Tuesday, June 29, 2010

Why Soccer Really Won't Work In America

Now the pundits want to discuss the impact the 2010 World Cup will have on the future of soccer in the United States. Some think this will start to take off and the sport will flourish. Others think that we'll just go back to our daily lives and not care again.

I think the latter will happen.

I do think soccer will get a slight up-tick (more on that later). But soccer will never be very meaningful in this country. It wasn't after Pele joined the American pro leagues. It wasn't after the U.S. hosted the 1994 World Cup. It won't be now.

The difference is that here, the best athletes don't play soccer. In nearly every other country, the best athletes are pushed into soccer and that is the sport everyone is dying to play. In the U.S., the best athletes want to play basketball, football or baseball. Soccer picks up only the diehards.

Imagine if guys like LeBron James, Kobe Bryant, Adrian Peterson, Joe Mauer, Jimmy Rollins, Dwyane Wade and Chris Johnson played soccer instead of their respective sports. The Americans would field a team with so much athleticsm and (probably) skill that we'd be among the elite in the world soccer community. Those guys won't play soccer, though, so we don't have to worry about that.

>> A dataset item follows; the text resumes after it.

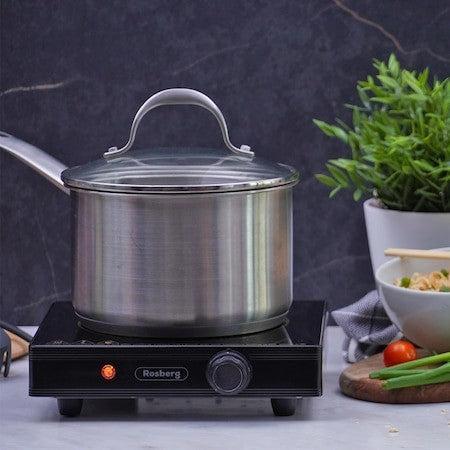 Plita ceramică Rosberg, 2000W, neagră, modernă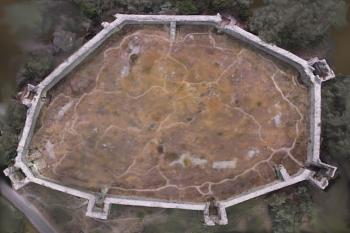  (©zdroj:http://netcastle-webgis.eu/listing/castle-of-gardiki/?la)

The one thing soccer could have going for it is if they decide to reach out to the inner cities and latch on to the growing Hispanic communities out there. It would still be hard to get kids growing up in America to play soccer no matter their nationality, but you'd have a better chance going after kids whose parents grew up loving the game. Outside of that, I don't see soccer exploding here for a long, long time.